Does Prodigy support HTML annotation for NER

I have quite a lot of HTML pages. My goal is to train a model in spacy that can recognize entities such as product name, addresses and monetary amount.

My question is does prodigy support annotation on html pages. not raw html code per se, but annotation on rendered html with a custom list of entities.

Thank you!

Jay

Annotating rendered HTML might sound appealing at first, but there's actually not really an easy answer for how the annotations should be resolved back to the underlying raw text and how to ensure that annotations are consistent. After all, what your model will get to see is the raw text.

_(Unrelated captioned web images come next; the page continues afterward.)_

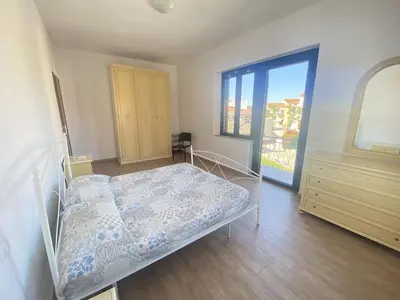 Letto o letti in una camera di Casa Passeri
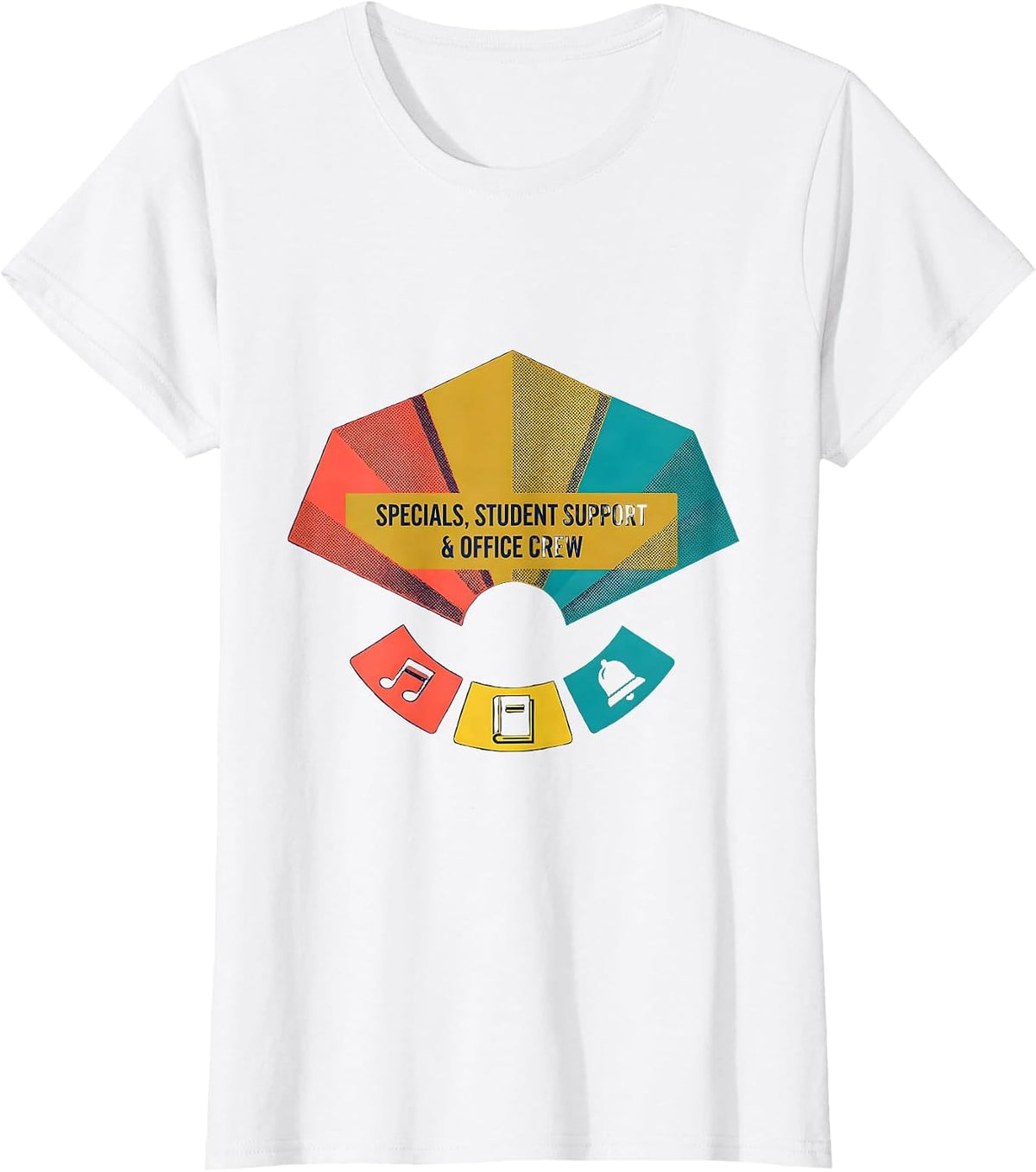 Specials, Student Support & Office Crew Teacher T-Shirt - White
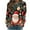 #09 Green, variant on Women's Christmas Sweatshirts Casual Merry Holiday Long Sleeve Shirts Fashion Xmas Cartoon Printed Blouses Womens Comfortable Crewneck Sweaters Pullover Tops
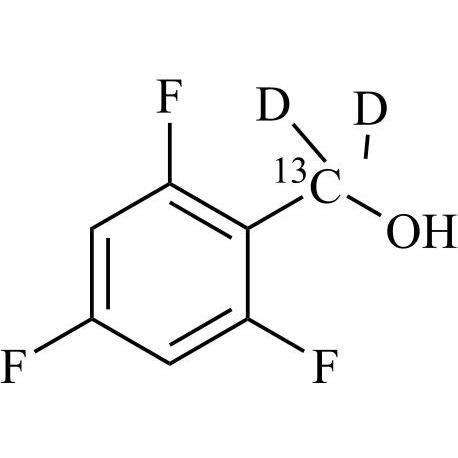 Picture of 2,4,6-Trifluorobenzyl Alcohol-13C-d2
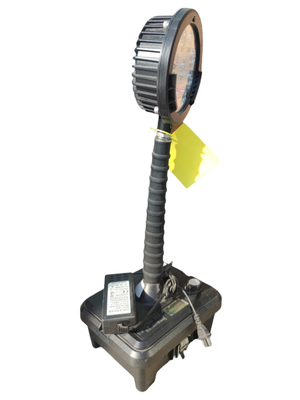 Zone 1 Offshore Onshore Explosion Proof Portable LED Work Lighting entièrement en plastique GRP 100-295VAC Pour le pétrole dangereux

I discuss some of these considerations in more detail on this thread:

One common solution is to write a function that takes raw HTML, strips out the markup, tokenizes the text and stores each token's character offset into the original raw HTML. This way, you can work with raw text without markup, while still being able to resolve the character offsets of your annotations back to the original input.

Hi @ines

I just stumpled upon this and I'm trying to wrap my head around it. But I just can't understand :slight_smile: Do you mind put a few extra words to it? Or add a few lines of code for illustration?

My use case is for span classification, i.e. subhead classification. I know I have to preprocess the html into text at some point but I like to use the HTML in the tokenization process (improved sentence boundaries e.g.). So the input is really HTML and then I want to mark where the subheads are - simply the offsets/positions of characters.

Alternatively I could just preprocess the HTML to text and start highlighting subheads from there but they are a lot harder to find then. And the classification would then depend on using that exact html to text method

hi @nix411!

I can't speak for Ines, but have you seen @pmbaumgartner's spacy-html-tokenizer?

It does the first few steps, but not the character offsets. Perhaps you could look at Peter's code and modify some steps.

I suspect (with my limited knowledge) that there's no general solution that's easy, which is reflected in Ines' point.